Genau das hat sich jetzt in Essen bestätigt.

Ein Blick ins Ratsinformationssystem der Stadt Essen (RIS) zeigt, dass es in Essen von Bebauungsplänen nach § 13a BauGB nur so wimmelt. Ob immer die Voraussetzungen zur Anwendung dieses Verfahrens erfüllt waren, hat übrigens keine praktische Bedeutung, denn eine sogenannte Heilungsvorschrift (§ 214 Abs. 2a Nr.1 BauGB) legt fest, dass eine fehlerhafte Beurteilung der Voraussetzungen für die Anwendung des §13a BauGB für die Rechtswirksamkeit des Bebauungsplans unbeachtlich ist.

Kritiker aus der Fachwelt hatten schon früh davor gewarnt, dass diese Bestimmung zu Mißbrauch einladen und zu einer Flut von Bebauungsplanverfahren nach § 13a BauGB führen könne.

Mittlerweile gibt es aber auch ein Gerichtsurteil, dass die Unbeachtlichkeitsvorschrift relativiert:

http://epub.uni-regensburg.de/9338/1/ubr04081_ocr.pdf

Die Unbeachtlichkeitsvorschrift des § 214 Abs. 1 Nr. 1 2. HS BauGB greift nicht ein, wenn der Plangeber nach Änderung des Bebauungsplanentwurfs die Notwendigkeit eines erneuten Beteiligungsverfahrens nach §§ 3 Abs. 2 und 3, 13 Abs. 1 S. 2 BauGB völlig übersehen hat. VGH Bad.-Württ, Urt. v. 17. 10. 1989 – 5S 3065/88

Im ihrem Kommunalwahlprogramm von 2009 setzt sich die LINKE.Essen „Für eine solidarische und ökologische Stadtentwicklung“ ein. Das Ziel sei eine „lebenswerte und vielfältige Stadt für alle Einwohnerinnen und Einwohner.“: Weiter heißt es: „Stadtentwicklung, Verkehrsplanung, Wohnungsbau, Naherholung, öffentliche Einrichtungen und Einkaufsmöglichkeiten müssen auf die Bedürfnisse der großen Mehrheit der Bevölkerung ausgerichtet sein.“ Und: „Unser Maßstab ist die Verbesserung der sozialen Bedingungen, der Lebensverhältnisse für die Masse der Bevölkerung.“

Das läßt sich nur erreichen, wenn auch in der Stadtplanung die Bürger mit einbezogen werden und auf sogenannte „beschleunigte Verfahren“ nach §13a BauGB künftig verzichtet wird.
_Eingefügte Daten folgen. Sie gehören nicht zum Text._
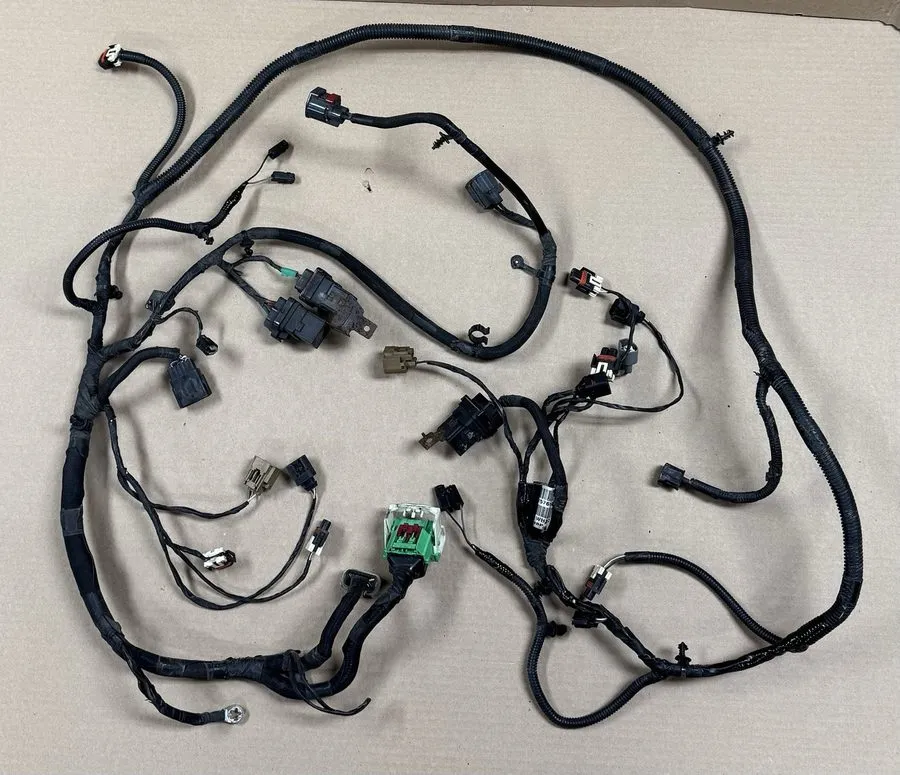 Жгут проводов 2013 Chrysler Town Country Dodge Grand Caravan Headlamp Harness 68 — фото лота 1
Tatsächlich gibt es eine Stadt, deren Grundsatz es ist § 13a BauGB überhaupt nicht anzuwenden. Diese Stadt heißt Düsseldorf: Zitat aus: http://www.duesseldorf.de/planung/umwelt/umweltpruefung/schritt5baugb.shtml

Statt einer nachhaltigen Innenentwicklung wird jedoch mit diesem Planungsinstrument in erster Linie eine ungesteuerte Innenbebauung gefördert. Da dies nicht im Interesse der Landeshauptstadt ist, wird der §13a BauGB in Düsseldorf nicht angewendet, d.h. Bebauungspläne der Innenentwicklung werden im rechtssicheren Normalverfahren aufgestellt.

Für viele Kommunalpolitiker, die §13a BauGB bisher als Gesetz nahmen,
das unbedingt angewendet werden müsste, könnte das eine Offenbarung sein.

Das nächste Mal, wenn etwas nach „§ 13a BauGB“ geplant werden soll,
wäre es also an der Zeit die Anwendung des „§ 13a BauGB“ aus den genannten Gründen abzulehnen, und mehr Bürgerbeteiligung zu fordern.